El Retorno, más duro que la escapada, la huida, la aventura. Mucho más duro, a pesar de conocer a lo que volvía, o quizás por esto mismo. Y pagué por ello, ¡vaya si pagué! Cumplí una peculiar condena: trescientos sesenta y un días en rojo, sin trabajo, sin cobro de prestación, sin ayuda oficial; trescientos sesenta y un días sin ingreso alguno: “Usted no es un emigrante retornado”, dijo la señorita funcionara repantigada tras la mesa y mirando la hora: “usted es tan sólo un españolito que marchó, por trece años, de excursión al Reino Unido, Estado europeo”, añadió con distintas palabras, disfrutándolo. Quizás por ello la magia no funcionó, no hubo épica, las ganas de celebrarlo se volatilizaron. Cero el deseo de alzar el vaso.

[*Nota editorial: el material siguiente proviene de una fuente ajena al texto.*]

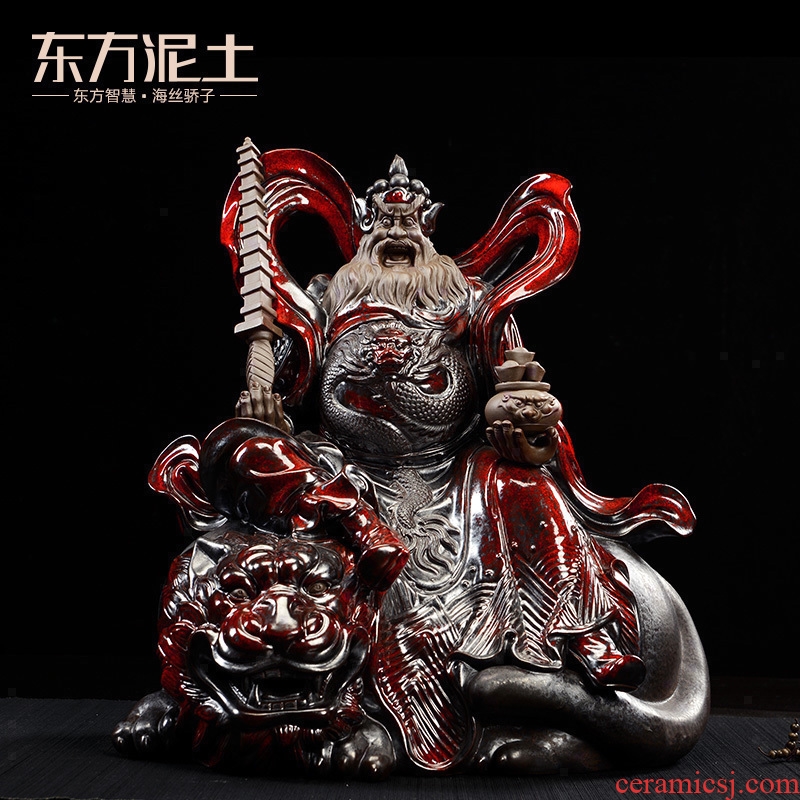 The east mud flame red glaze ceramic wu mammon furnishing articles creative opening gifts home sitting room adornment The desktop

Mas no me arrepiento, ni de la fuga, ni del regreso. Ambos saltos llegaron en el momento adecuado, siguiendo el sabio plan de alguien que guía los impulsos en mi cabecita.

Regresé justo a tiempo, tan justo que todo un país como Reino Unido cerró sus fronteras tras mi marcha, la estupidez pudo al sentido común, las falsas promesas vencieron a la sana convivencia. Llegó el Brexit, y con él los muros, los pasaportes, las prohibiciones. Con él llegó el aislamiento, las colas en el aeropuerto, el control de aduanas, los ciudadanos de segunda. Con él, llegó el caos. Y, por fortuna, a mí no me atrapó.

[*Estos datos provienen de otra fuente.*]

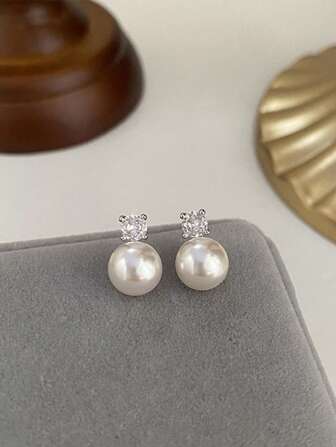 1 Pair Petite Pearl Stud Earrings, Vintage Minimalist Versatile & Elegant Style For Women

“¡Prohibido prohibir!”, gritábamos de críos con voz aflautada, ante aquella vileza en forma de letrero, entonces dábamos cuatro sonoros balonazos contra la pared ─el cartel, que mostraba una pelota de fútbol cruzada por un aspa roja, ejercía de diana─ para a continuación salir corriendo con alaridos de victoria, cual pequeños forajidos, en persecución de otras chiquilladas.

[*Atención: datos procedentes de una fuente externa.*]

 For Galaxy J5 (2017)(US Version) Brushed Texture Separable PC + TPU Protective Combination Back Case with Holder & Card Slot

Creí haberlas visto de todos los colores ─las vedas─ incluso aquella de Récord Guinness en mi querida Tenerife: "Prohibido lavarse los dientes". Pero la vida siempre esconde una más, para sorprenderte, para que no te aburras.

Les pongo en escena. Pueblecito cántabro y costero, escapada por unos días. ¿Recuerdan? Me hallaba practicando deporte ─uno de mis favoritos junto al terraceo de libro y observación de flora y fauna─ pasear por las calles, estudiar a la gente, escuchar los chascarrillos, admirar la energía ajena (familias acarreando sombrillas, tumbonas, neveras, niños y colchonetas camino de la playa; filas y filas de surfistas de todas las edades transportando sus gigantescas tablas). Es un garbeo operativo, en busca de posibles objetivos gastronómicos, bares, restaurantes, terrazas y chiringuitos playeros. Buscando los caminitos bajo la sombra, huyendo del sol y su aplatanamiento infligido.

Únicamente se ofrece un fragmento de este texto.